Stasera a Roma le misure di sicurezza per il concerto di Bruce Springsteen al Circo Massimo saranno da stato d’emergenza. Non solo la presenza della polizia italiana sarà massiccia: ci saranno anche 700 vigilantes privati e a sorvegliare i cieli ci penseranno i droni. Anche gli americani daranno una mano, con discrezione probabilmente, anche se voci in libertà ieri sera parlavano addirittura di una improbabile presenza diretta. Anche se a controllare le misure di sicurezza il «personale diplomatico Usa» c’è andato davvero.

Se i toni dei responsabili delle istituzioni, ieri, erano volutamente e giustamente calmi, la tensione è invece altissima. E la paura che si è diffusa dopo Nizza tra la gente supera di molto quella che era stata provocata dai precedenti attentati.

Per questo il discrimine che separa le reazioni della politica italiana alla mattanza di Nizza è una parola che qualcuno metodicamente evita e che qualcun altro strilla a pieni polmoni: «guerra». Non la guerra vera, quella stavolta, a differenza del dopo Bataclan, non la chiede nessuno, non all’Italia almeno: quella evocata a scopo propagandistico, usata per innalzare ancora la tensione.
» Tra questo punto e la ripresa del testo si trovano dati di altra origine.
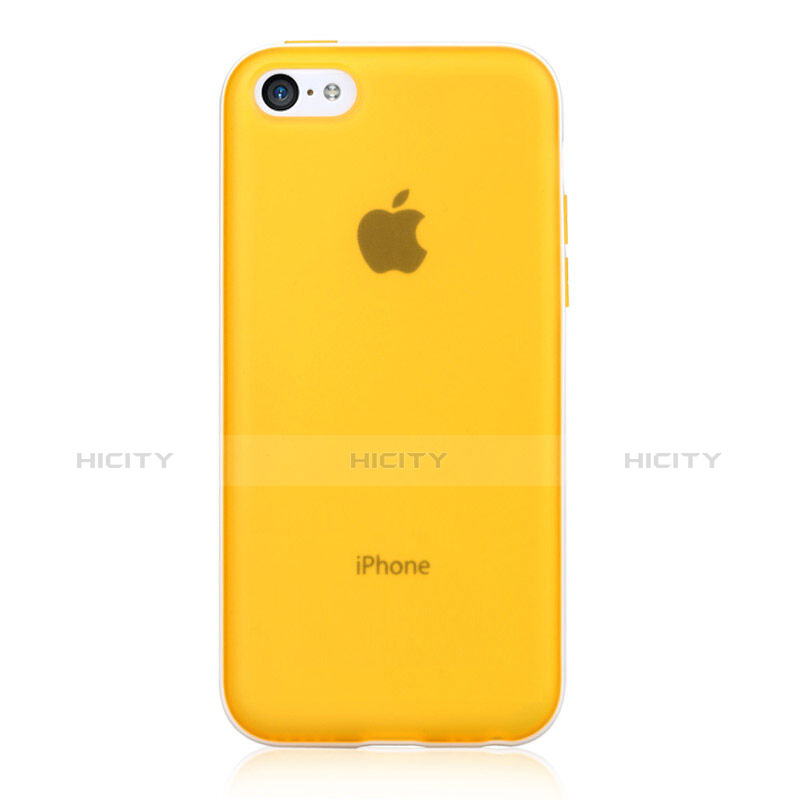 Silikon Hülle Handyhülle Transparent Schutzhülle Matt für Apple iPhone 5C Gelb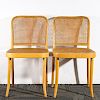 Original Stendig Thonet Bentwood Cane Chairs, Pair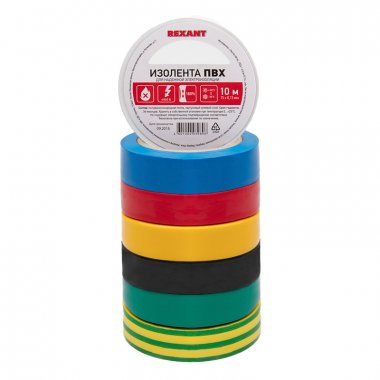 Фотография товара 'Rexant Набор изоляционных лент, 09-2010-E'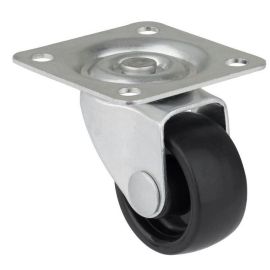 Walteco Swivel Castor Ø 30Mm, With Plate, Load 20Kg 18048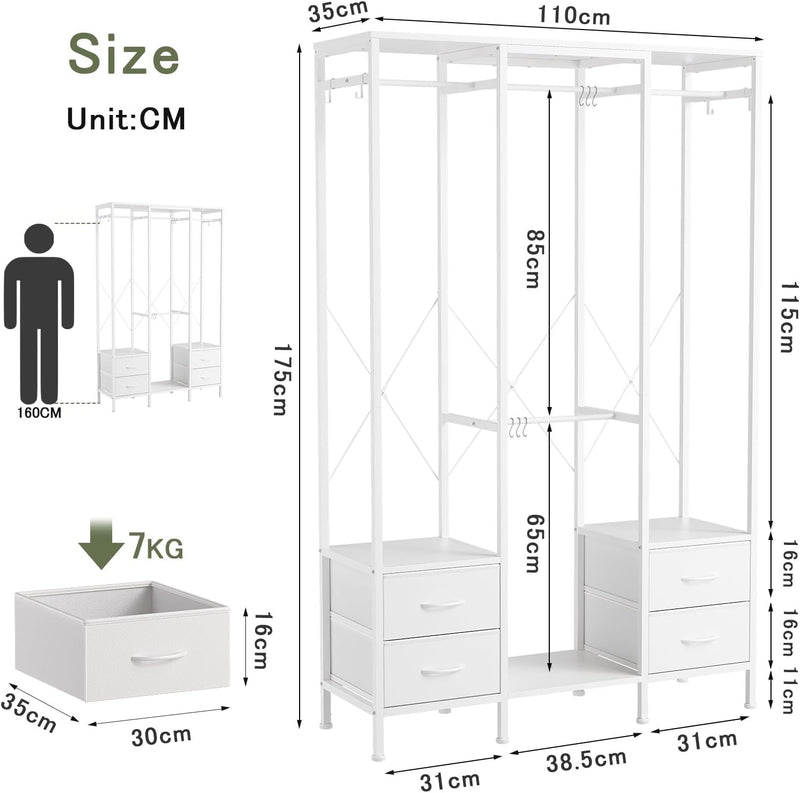 Heavy Duty Clothing Rail Clothes Railk Wardrobe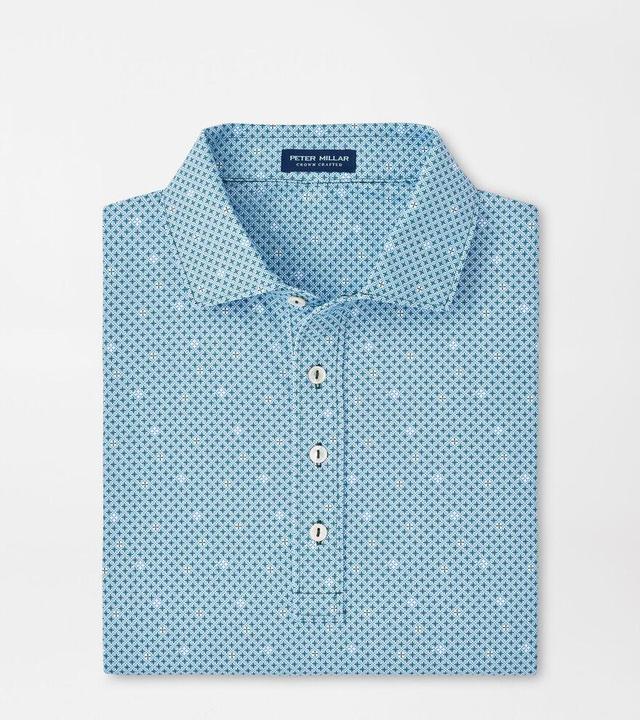 Peter Millar Mens Mosaic Performance Jersey Polo | Color: Lacinato | Size: XXL Product Image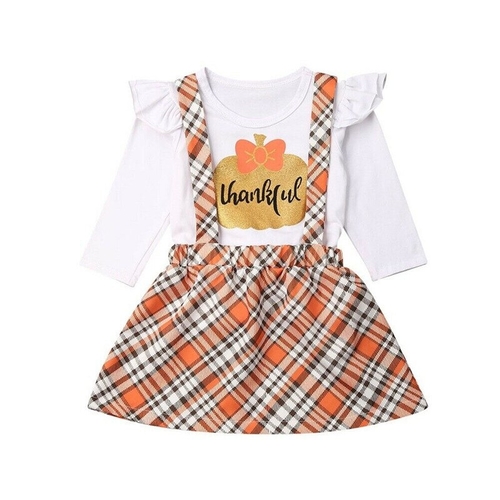 2020 2pcs Children Girls Clothes Fall Dress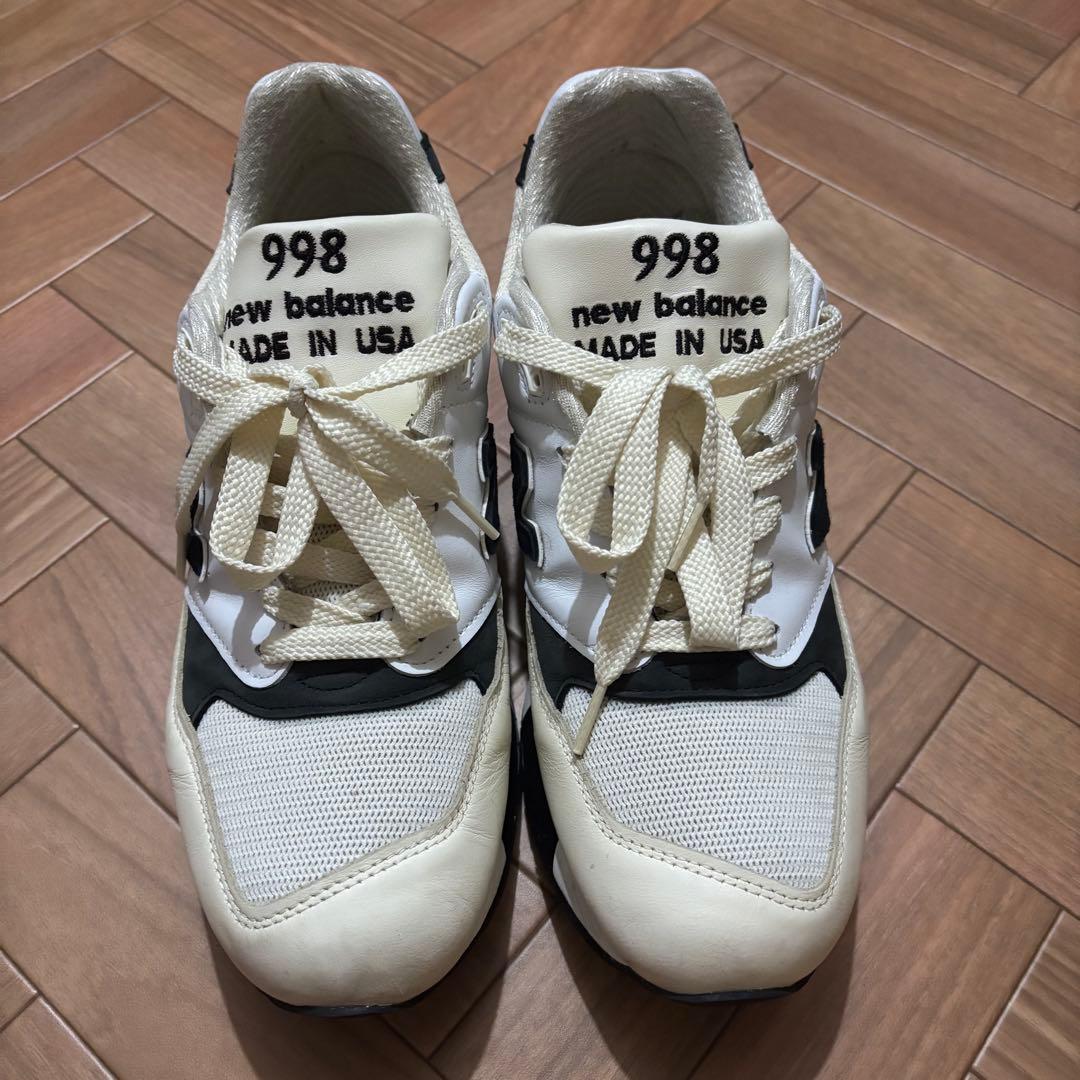 New Balance ニューバランス 998 白 黒 ホワイト ブラック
Matteo Renzi quella parola non la usa mai, neppure per indiretta allusione: «L’orrore, il dolore della Francia sono il nostro orrore, il nostro dolore. I morti di Nizza, di qualunque nazionalità, sono i nostri morti». Parole di cordoglio, non di belligeranza, anche quando il premier aggiunge che «reagire è un dovere morale». Parole misurate come quelle del capo dello Stato Mattarella: «Non cederemo mai a chi predica e pratica la cultura della morte».

Palazzo Chigi e il Quirinale tutto vogliono tranne che si scateni un’ondata di panico e di isteria xenofoba.

Anche il solo fatto che Sandro Gozi abbia parlato di nazismo islamico non è piaciuto a Renzi. La priorità sono i nervi, perché le attività di intelligence, con i cui vertici Renzi ha fatto il punto ieri, già ci sono e hanno funzionato bene.

Le ulteriori misure annunciate dal ministro degli Interni Alfano, come il rafforzamento dei controlli a Ventimiglia, servono solo a dare l’impressione di fare qualcosa, anche se è chiaro che in questo momento c’è ben poco da fare oltre a supportare e rafforzare prevenzione e intelligence. Perché «il rischio zero non esiste», come ha ammesso la ministra della Difesa Pinotti.

È sul piano politico però che la situazione, già tesa, rischia di collassare. Renzi ha convocato per lunedì mattina tutti i capigruppo parlamentari di maggioranza e opposizione, alla ricerca di una posizione unitaria almeno su questo fronte, più di ogni altro nevralgico.

Non ce la farà. La torta propagandistica è troppo ghiotta. Gasparri, per esempio scatta subito: «Incontri inutili e rituali. Servirebbero coesione ma anche realismo. Le strategie in tema di sicurezza, lotta al terrorismo e contrasto all’immigrazione sono dissennate».

Per la verità neppure Gasparri però parla di guerra. Il partito azzurro in questa faccenda sta nel mezzo: usa toni durissimi, fa il possibile per proporsi come rappresentante dell’area più incarognita e impaurita della popolazione.

Però Forza Italia non può premere sull’acceleratore sino a spingersi sulle posizioni dei potenziali alleati, ma pur sempre rivali, dell’ala estrema. Loro sì che parlano di guerra. Più precisamente strillano. Sin dal mattino Salvini non si risparmia: «Questa è una guerra dichiarata. Non si può continuare con gli abbracci e i pianti. Bisogna ritrovare orgoglio e forza». Cosa significhi non lo chiarisce. Ci pensa Giorgia Meloni: «Il fondamentalismo islamico ci ha dichiarato guerra: dobbiamo spazzare via l’Isis dalla faccia della terra e smetterla con la politica dell’accoglienza incontrollata».

Non sono parole in libertà, pronunciate nell’emozione di un momento tragico. È il programma di una campagna politica che si snoderà per mesi, e che alla fine avrà il suo peso sul voto.

L’M5S, in tutto ciò, mantiene una prudenza che quasi sconfina nella reticenza. Sono lontani i tempi in cui Di Battista si abbandonava a dichiarazioni piene di comprensione per l’islamismo radicale.

Ora, dice Di Maio, «si impone una seria riflessione sulla sicurezza e sul terrorismo». Che è più o meno come non dire niente.